Alive

When I was young, I used to lie in bed at night, thinking “I’m alive. I’m alive. I’m alive.” I would repeat it, not to prove myself anything of the contrary; it was more of a behaviour better suited for grounding myself in the current time and place. This mantra of sorts, “I’m alive”, meant nothing at first, but as I continued to repeat it, each internal utterance was a little earthquake, the shocks of which jolted me back into a reality. Most days – most moments – I found myself not necessarily living my life, but instead watching it unfold as a movie does, each scene with me as the main character yet well enough removed that I could go through this life, almost numb, portraying the understudy who watches instead of acts. This little routine – private, isolated, personal – reminded me to breathe, to live, to act, to make things happen instead of watching them happen. That this was reality – that this was MY life and MY reality – and unlike the very vivid dreams I was having, I couldn’t wake up and find myself anywhere but here.
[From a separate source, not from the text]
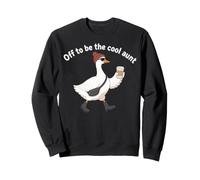 Off to Be The Cool Aunt Auntie Silly Goose Cool Aunts Funny Sweatshirt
It was simply the subtle reminder to wake up when I wasn’t ever sleeping.

Every now and again I remember this, and repeat the habit. “I’m alive” when I’m staring at the computer. “I’m alive” when I sit at the bar, waiting a perpetually late friend. “I’m alive” as I start to fall asleep, “I’m alive” when I’m sitting in traffic, “I”m alive” in my delight and my regret, “I’m alive” when I wake up to you.

How easy it still is to go about my days in a sort of dreamworld, going through the motions, watching my life unfold with each little piece, each isolated scene all tied together with the mundane thread of ‘stuff’ that binds our meager existance. I’m moving on autopilot: 
Wake up. 
Brush teeth. 
Shower. 
Walk the dog. 
Go to work. 
Clean the house. 
Eat dinner. 
Read. 
Write. 
Watch. 
Brush teeth. 
Sleep. 
Repeat.

There’s nothing wrong with habits, with routine – each culture, each person has their own. They’re the stuff that life is made of, only they’re the stuff that it it isn’t. They’re the things that get in the way, that prevent us from acting and doing and being.

So every now and again, amidst the shuffle of another day nearly done, at the beginning or the middle or the end of the routine I try to evoke a little earthquake to remind me of my participation in this daily cinema that I call my life, to usher me up from the stand-in role to the star, knowing my time and my place on the stage is determined solely by myself.